• _Work instruction_
Copy out the data below as written; omit any images.

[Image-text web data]
────────

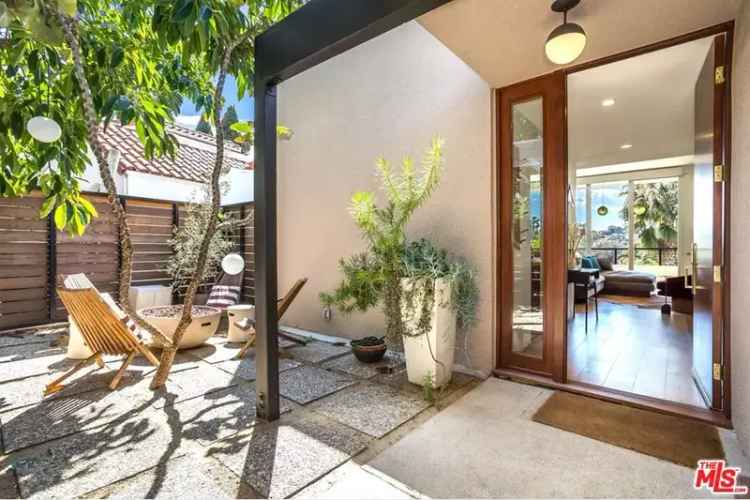 Rent mid-century modern duplex in Whitley Heights with city views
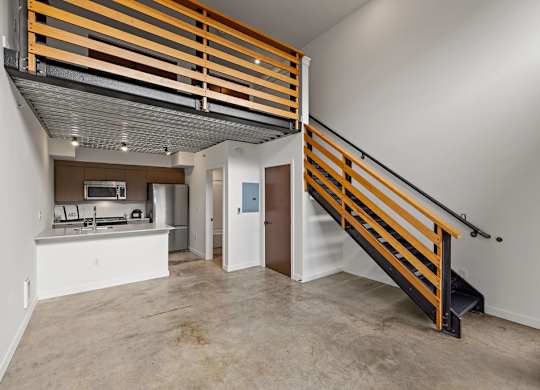 A modern kitchen with a wooden staircase.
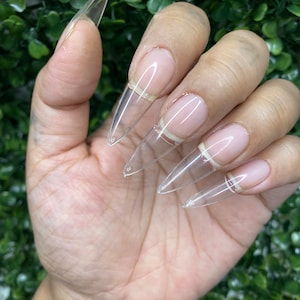 May include: Clear stiletto shaped false nails with a white tip. The nails are on a hand.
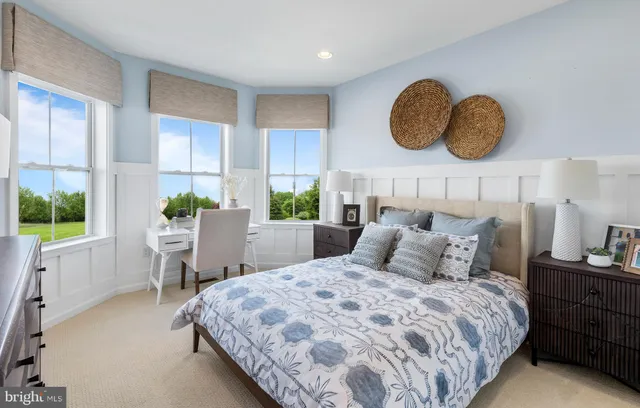 a bedroom with a large bed and a large window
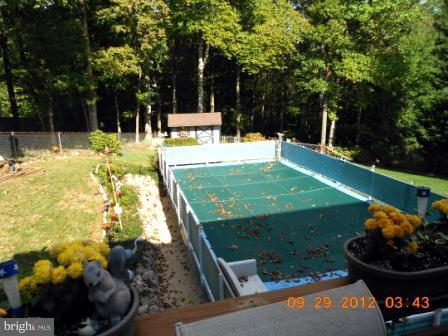 4777 Kelly Road Woodbridge, VA 22193 - Photo 1 of 23 Pool view from top level deck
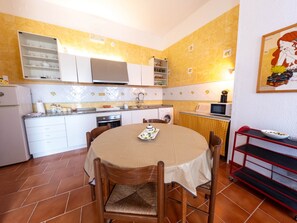 Una cocina compacta con una mesa de comedor, sillas y una estantería roja.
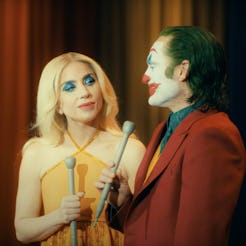 A woman in a yellow dress with bold makeup stands beside a man in a red suit and face paint. They ho...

────────

• _Result_
 Rent mid-century modern duplex in Whitley Heights with city views
 A modern kitchen with a wooden staircase.
 May include: Clear stiletto shaped false nails with a white tip. The nails are on a hand.
 a bedroom with a large bed and a large window
 4777 Kelly Road Woodbridge, VA 22193 - Photo 1 of 23 Pool view from top level deck
 Una cocina compacta con una mesa de comedor, sillas y una estantería roja.
 A woman in a yellow dress with bold makeup stands beside a man in a red suit and face paint. They ho...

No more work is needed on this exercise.